North Yarmouth native Ben True will return to Maine to compete in the Beach to Beacon 10K road race Aug. 1 in Cape Elizabeth.

A two-time winner of the Maine men’s category, True now runs professionally, and lives and trains in New Hampshire. He placed third in last year’s Beach to Beacon behind a pair of Kenyans and will head to China later in August to compete in the world outdoor track and field championships at 5,000 meters in Beijing.

True finished second at both 5,000 and 10,000 meters in the national championships in Oregon in late June to earn a spot on the United States team for the world meet, but at the time had met only the longer race’s qualifying standard. He flew to Europe last week in hopes of achieving the 13:23 necessary for the 5,000-meter standard and in a race Saturday in Belgium placed third in 13:06.

“I just wanted to get the standard out of the way,” True said in a postrace interview with the website Flotrack. “That’s all I cared about in coming over here. … I thought I’d be stuck in the 10 at Beijing.
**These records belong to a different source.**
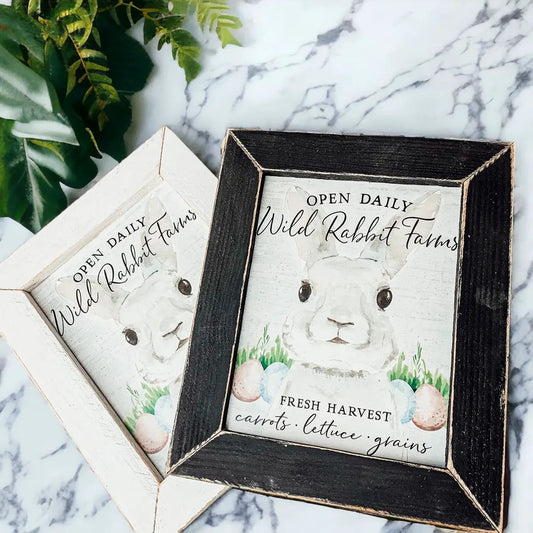 Two Wild Rabbit Farms wooden block signs with rabbit illustration and Open Daily text, frames on Tampa Home & Garden Store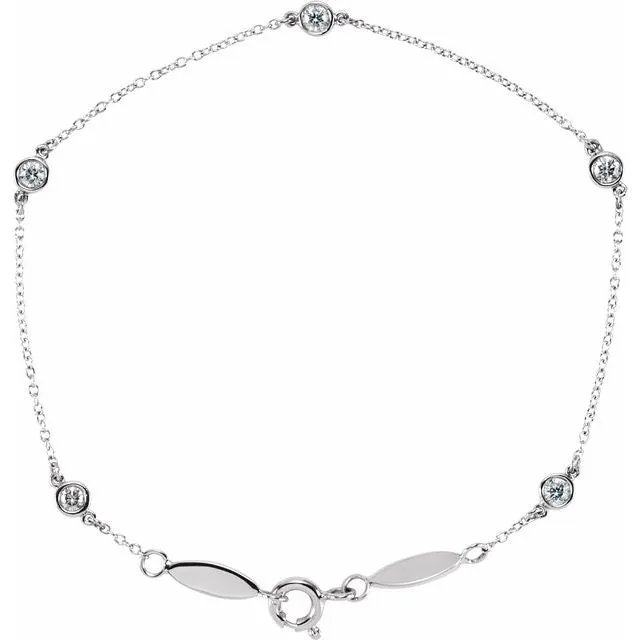 TreasureFineJewelers Bracelets 14K White Gold 13 CTW LabGrown Diamond BezelSet Station 7 Bracelet TreasureFineJewelers Bracelets 14K White Gold 13 CTW LabGrown Diamond BezelSet Station 7 Bracelet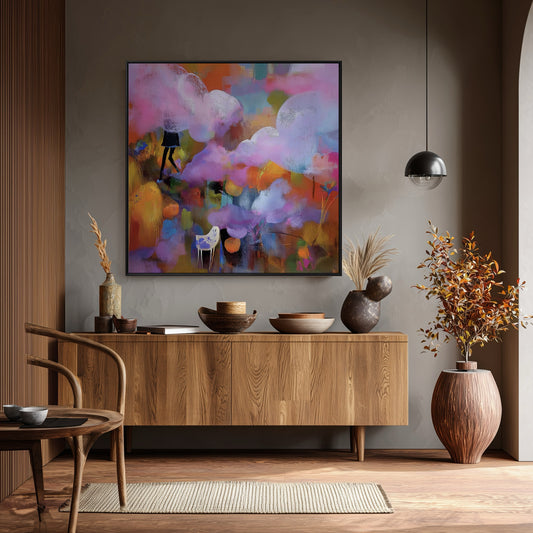 Expressive abstract painting is a focal point over a mid-century modern console; its bright colors pop against the moody gray wall and warm wood accents.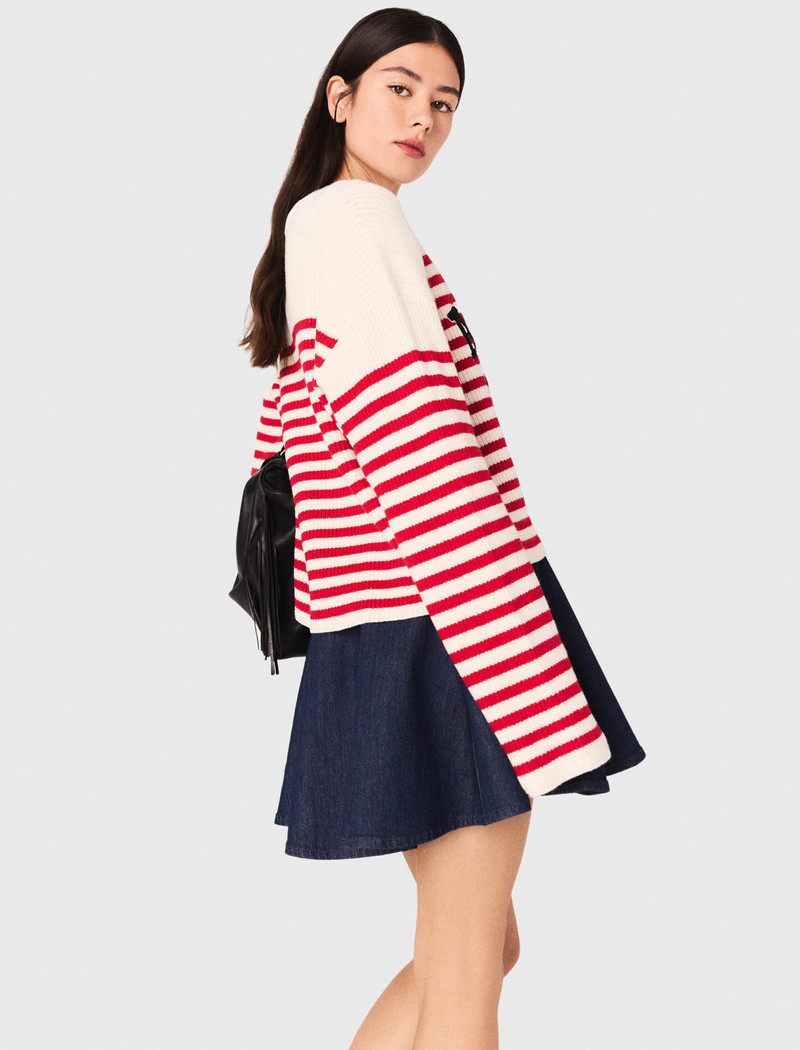 Striped rib knit sweater 3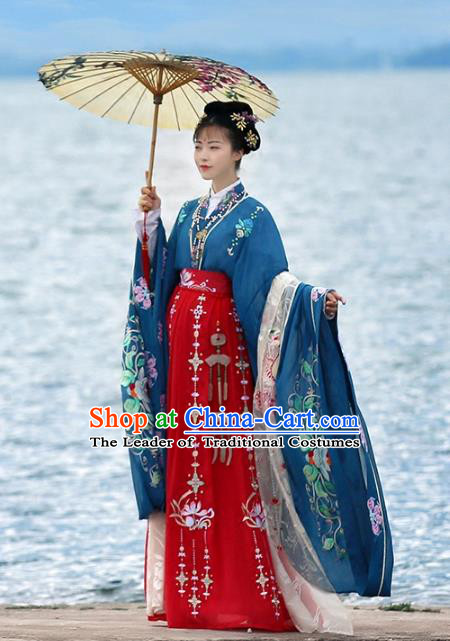 Ancient Chinese Female Embroidered Costume Tang Dynasty Empress Wedding Hanfu Dress for Rich Women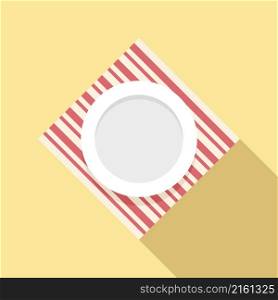 Cutlery plate icon flat vector. Dinner food. Lunch plate. Cutlery plate icon flat vector. Dinner food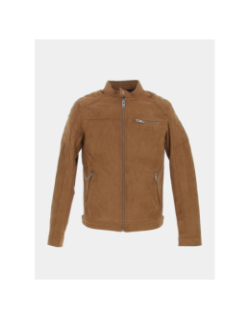 Veste simili cuir suede rocky marron homme - Jack & Jones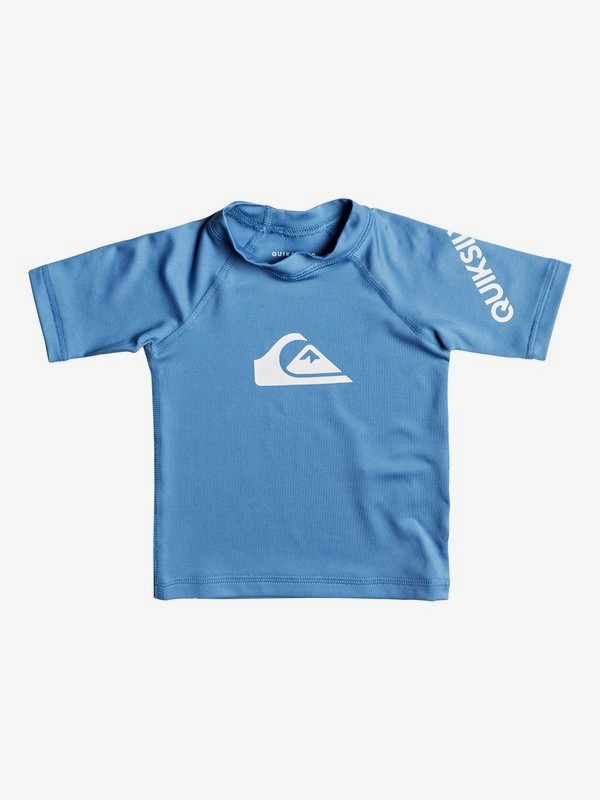 quiksilver, All Time - Short Sleeve UPF 50 Rash Vest for Baby Boys, CENDRE BLUE (bll0) 0 All Time - Short Sleeve UPF 50 Rash Vest for Baby Boys Blue EQIWR03010 Quiksilver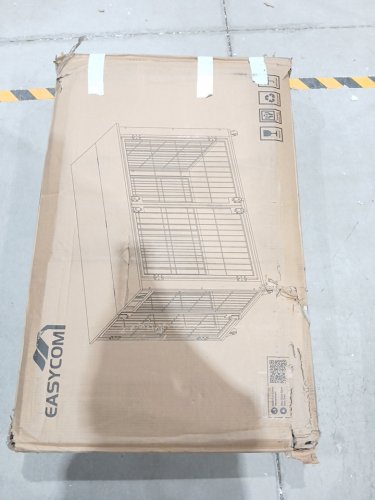Easycom Foldable Dog Crate - For dogs 30 to 60lbs - 41.3" x 25.5" x 28.6" -  Brown/Black image 3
I didn’t want to do that.”

This year, for the first time, Beach to Beacon is offering substantial prize money to the top five U.S. finishers as well as the traditional payouts to the top 10 runners overall.

True, 29, is one of the four former Maine resident winners who plan to run in the elite category. The others are Will Geoghegan of Brunswick, Riley Masters of Veazie and Ethan Shaw of Falmouth.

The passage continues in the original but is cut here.